**YOUR OBJECTIVE**. Taking the line with "FISKARS X28 (M)" as the first and the last line of the listing as the final one, please copy exactly those lines and no others, without pictures.

**DATA EXTRACT**.
##########

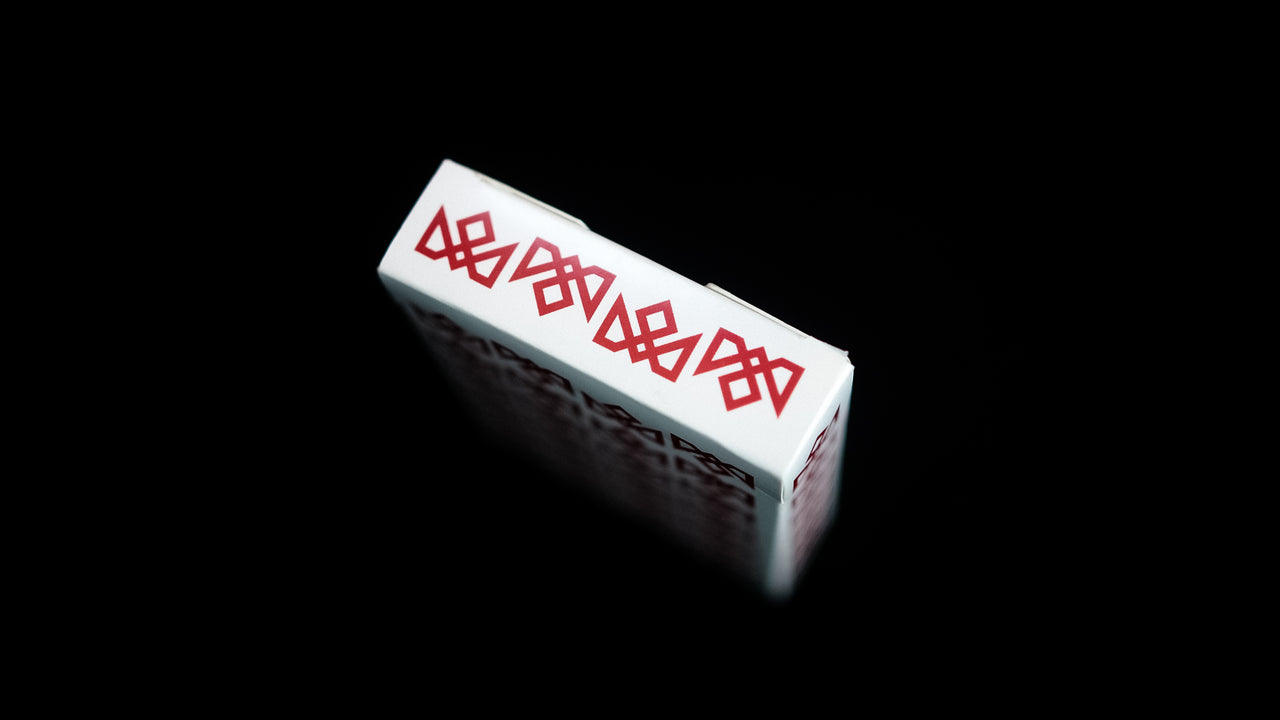 CHARLATANS ( ORIGINAL RED ) playing cards — view 5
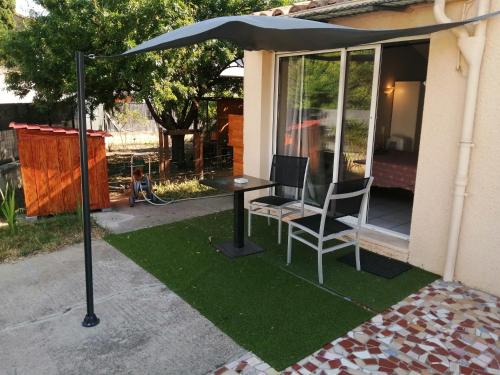 Studio avec chambre climatisée chambre d'hôte Cuxac-d'Aude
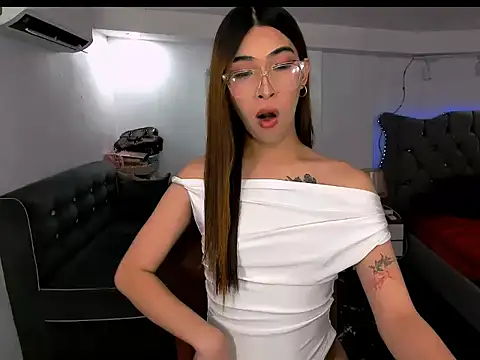 Yourdreamgoddess online show from 06-20-26, 04:37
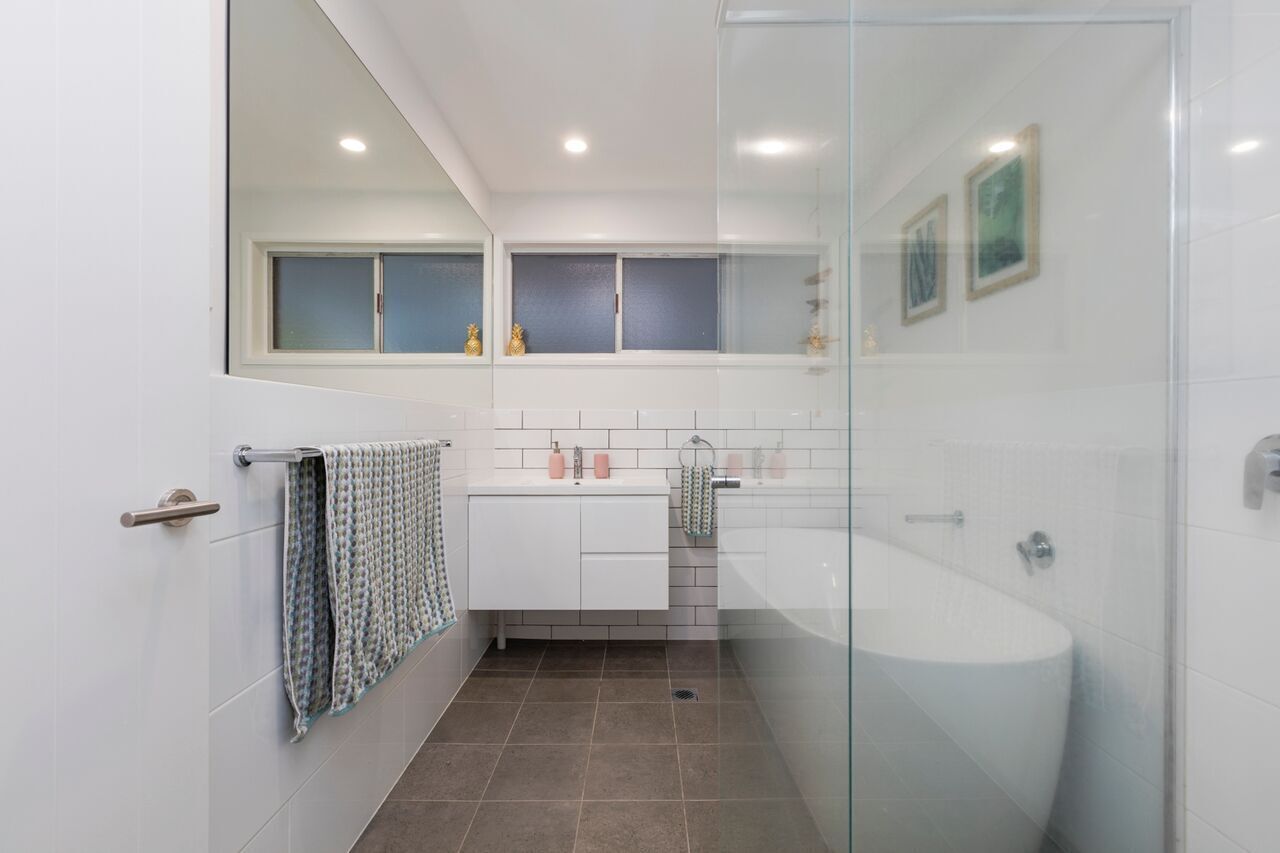 Bright Airy Beach Cottage — image 18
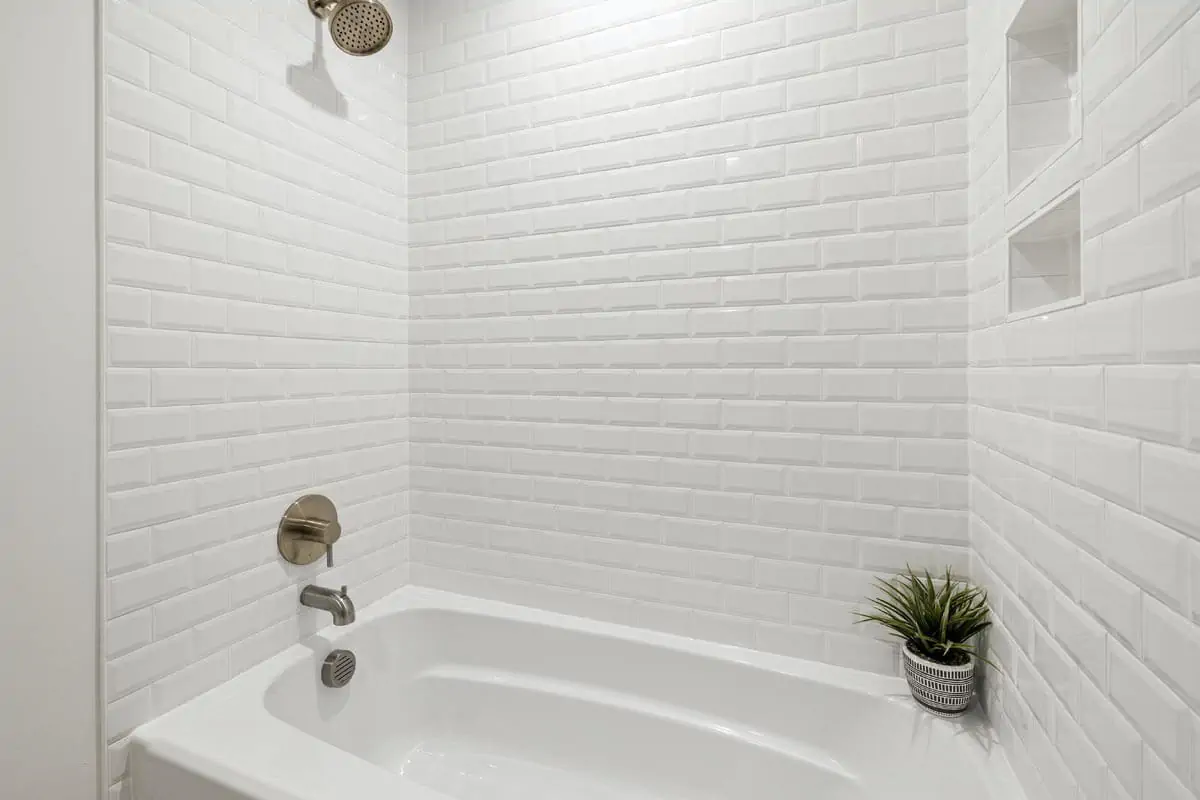 White Ceramic Bathtub in the Bathroom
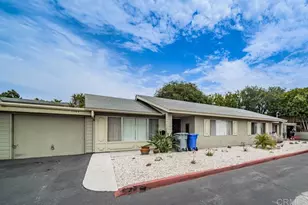 1037-43 Meadow Lake Dr, Vista, CA 92084 - Photo 10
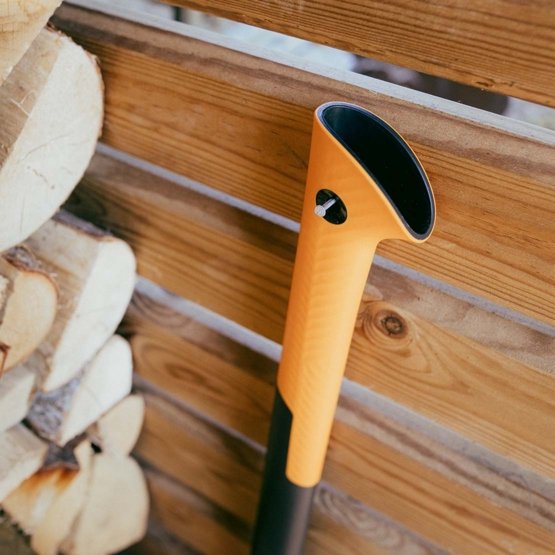 FISKARS X28 (M) štípací sekera 1069107 X-series Obrázek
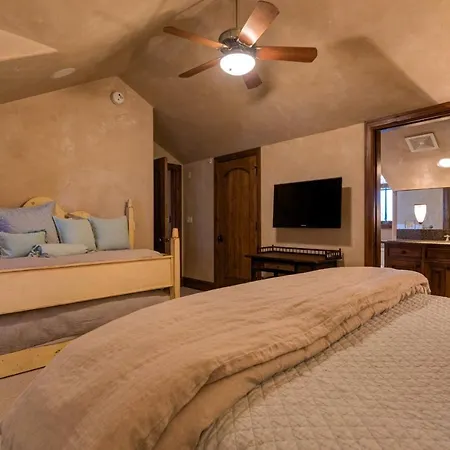 Apartment Heritage Crossing Penthouse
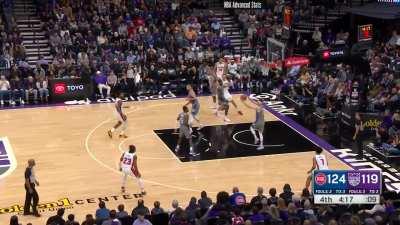 [Highlight] De'Aaron Fox ignites a sellout crowd with a thunderous dunk in transition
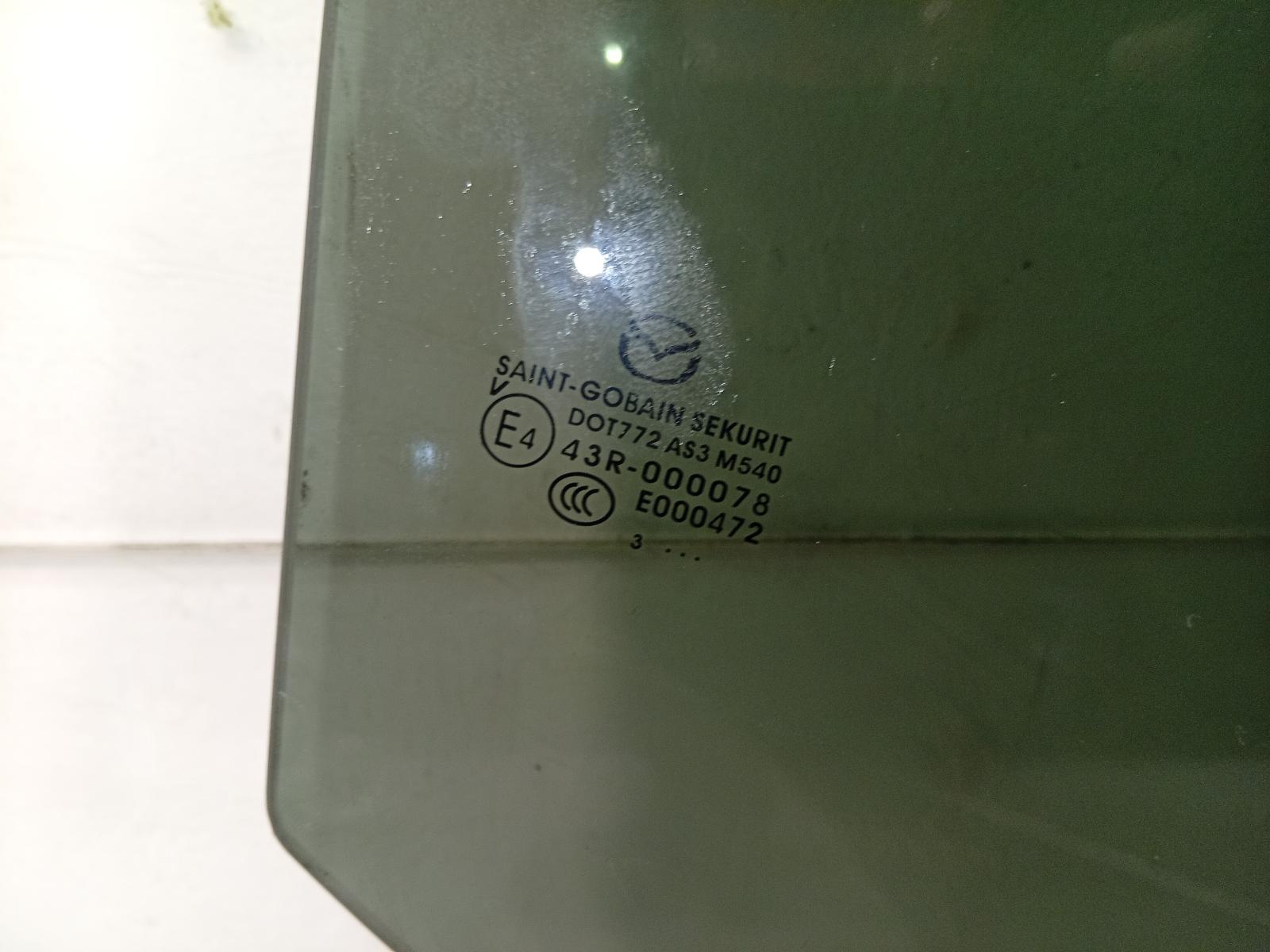 Right_Rear_Door_Window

##########

**RESPONSE**.
 FISKARS X28 (M) štípací sekera 1069107 X-series Obrázek
 Apartment Heritage Crossing Penthouse
 [Highlight] De'Aaron Fox ignites a sellout crowd with a thunderous dunk in transition
 Right_Rear_Door_Window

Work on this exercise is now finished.